#### WHAT YOU WILL DO
An exact copy of every entry is the answer here, with no pictures.

** Opening SUPPLIED RECORDS block **

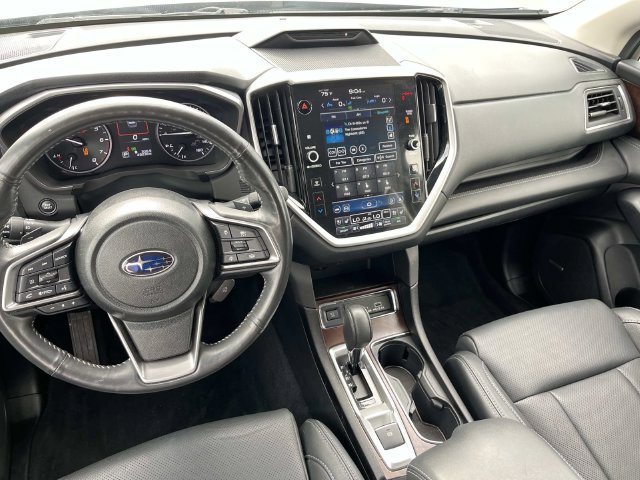 Used 2024 Subaru Ascent Touring AWD/4WD image 13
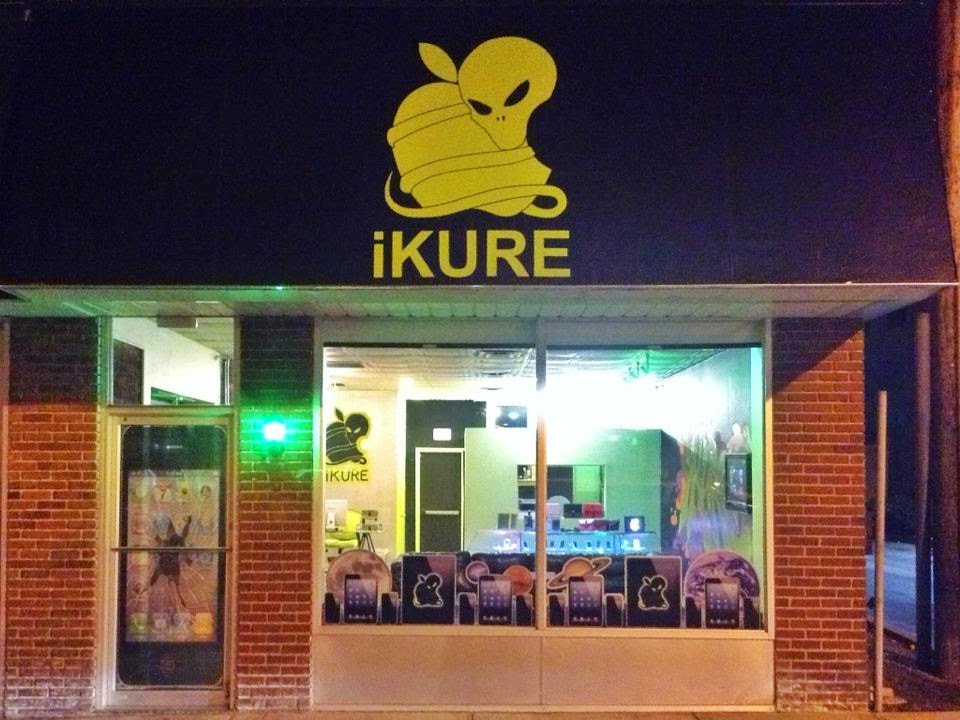 Photo of iKURE in Hewlett City, New York, United States - 1 Picture of Point of interest, Establishment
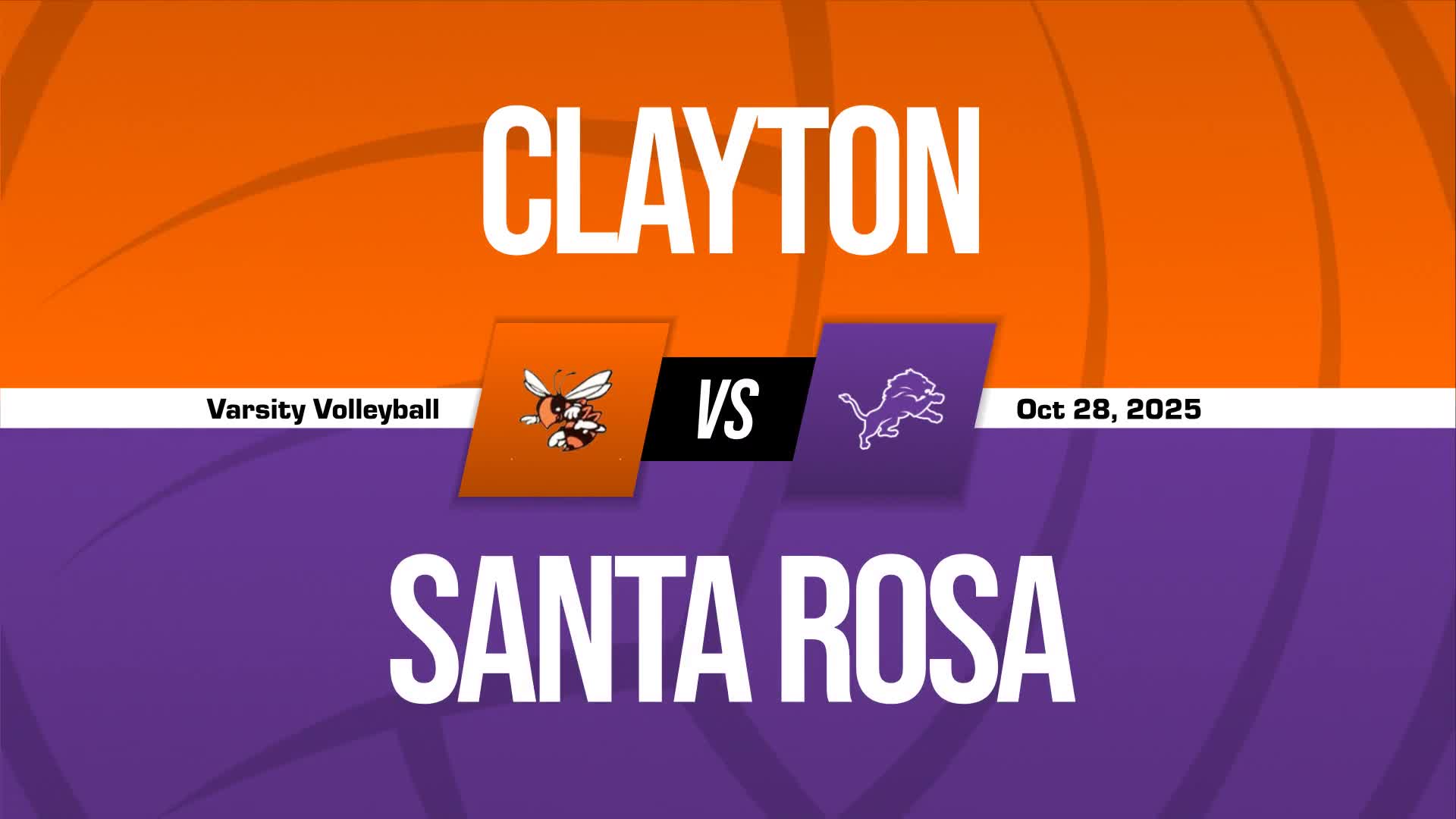 Volleyball Recap: Santa Rosa Turns Things Around After  Road Loss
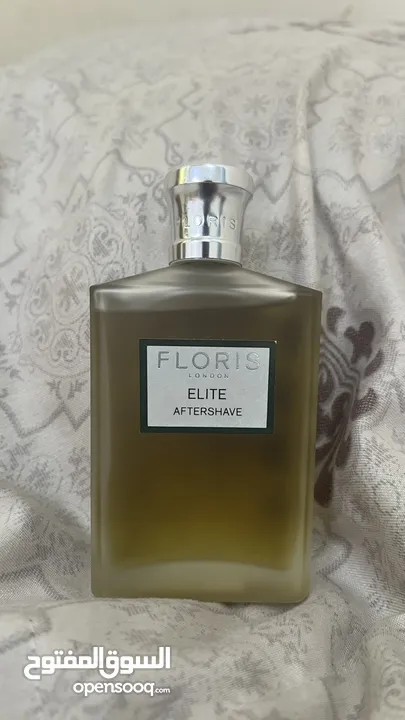 FLORIS elite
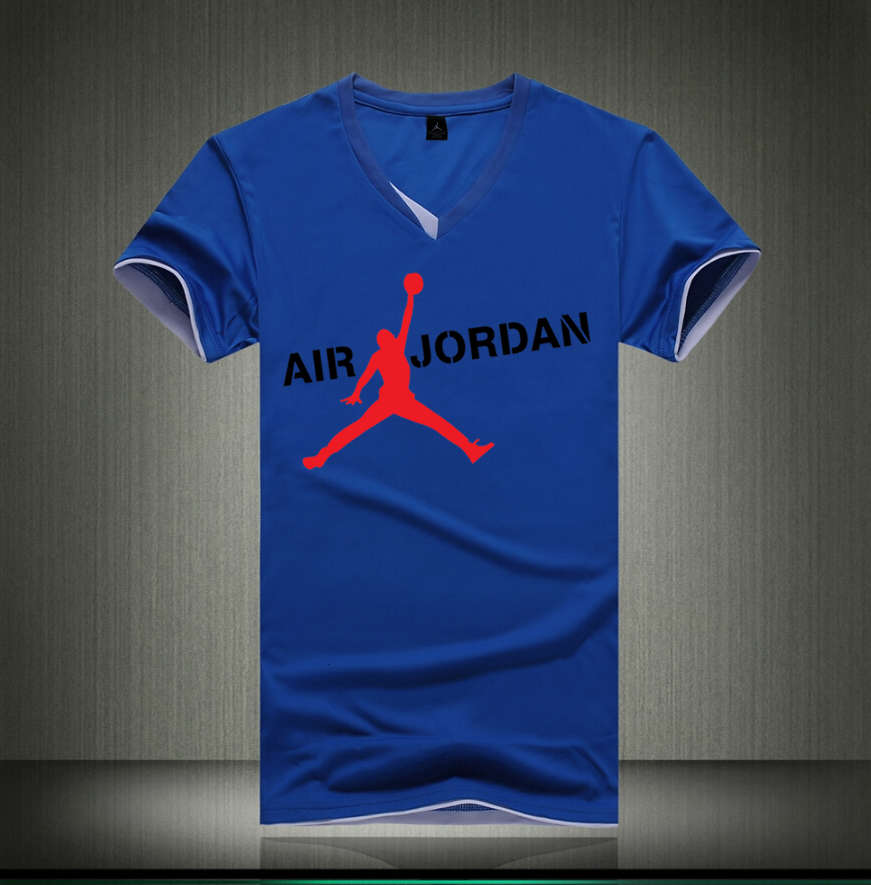 men jordan t-shirt S-XXXL-1515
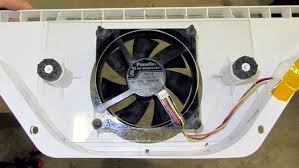 Maybe you would like to learn more about one of these? Whirlpool Refrigerator Fan Noise Final Fix The Smell Of Molten Projects In The Morning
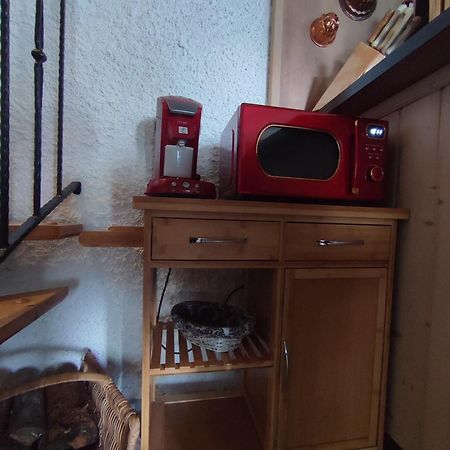 Ferienhaus Schreinert Breitenbrunn  Exteriör bild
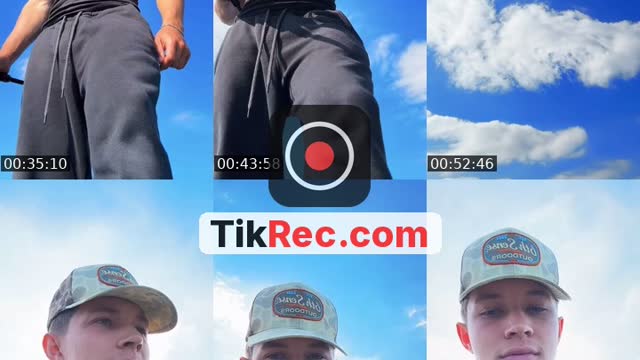 TikTok live: Bass Fishing by @smity194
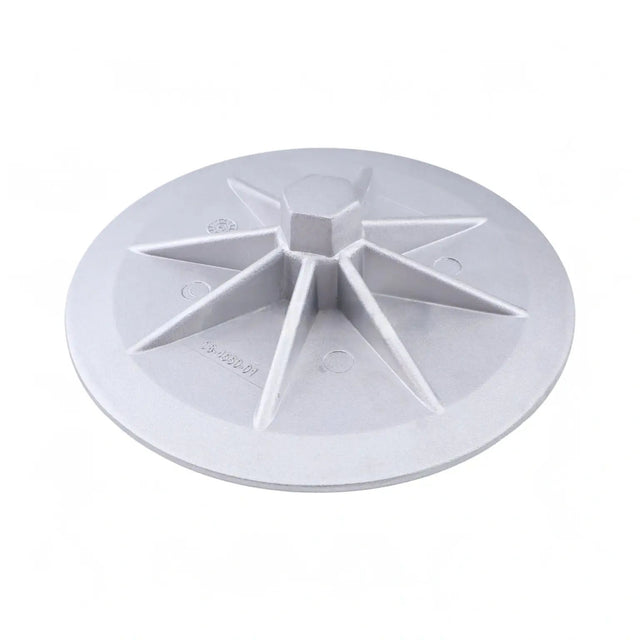 Aftermarket Wilden 08-4550-01 Outer Piston for 2" Air Operated Double Diaphragm Pump - Fab Heavy Parts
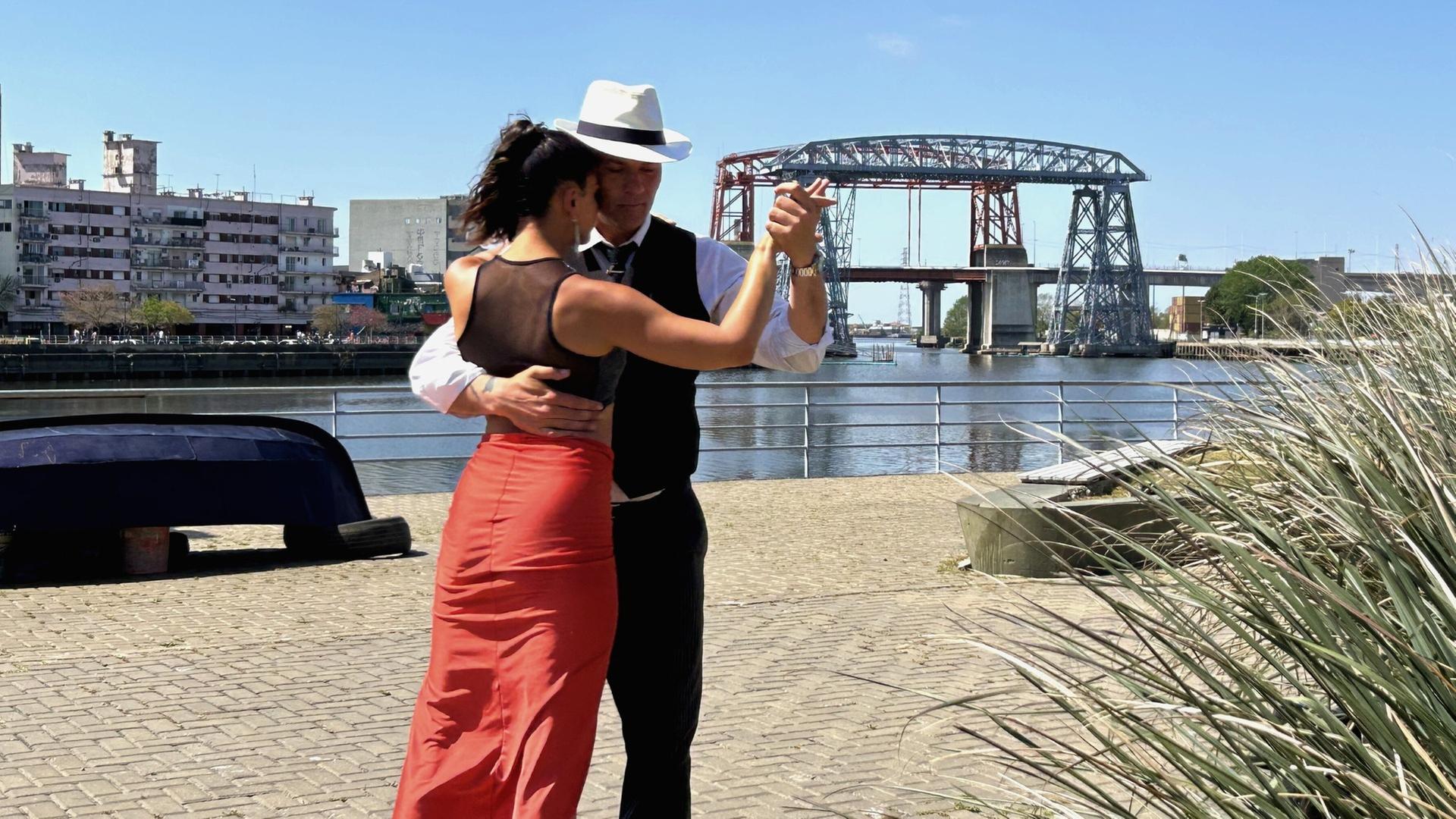 Argentinien im Teufelskreis · Bringt Milei die Wende?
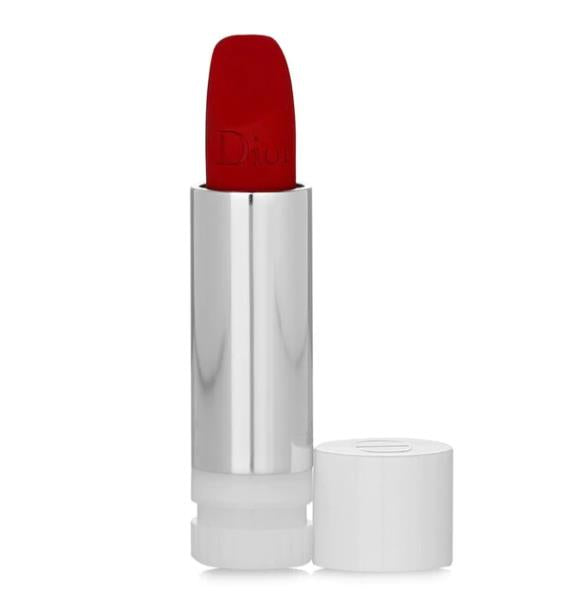 Christian Dior Rouge Dior Couture Colour Refillable Lipstick Refill -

** Closing SUPPLIED RECORDS block **

#### SOLUTION FOR THIS TASK
 Used 2024 Subaru Ascent Touring AWD/4WD image 13
 Photo of iKURE in Hewlett City, New York, United States - 1 Picture of Point of interest, Establishment
 Volleyball Recap: Santa Rosa Turns Things Around After  Road Loss
 FLORIS elite
 men jordan t-shirt S-XXXL-1515
 Maybe you would like to learn more about one of these? Whirlpool Refrigerator Fan Noise Final Fix The Smell Of Molten Projects In The Morning
 Ferienhaus Schreinert Breitenbrunn  Exteriör bild
 TikTok live: Bass Fishing by @smity194
 Aftermarket Wilden 08-4550-01 Outer Piston for 2" Air Operated Double Diaphragm Pump - Fab Heavy Parts
 Argentinien im Teufelskreis · Bringt Milei die Wende?
 Christian Dior Rouge Dior Couture Colour Refillable Lipstick Refill -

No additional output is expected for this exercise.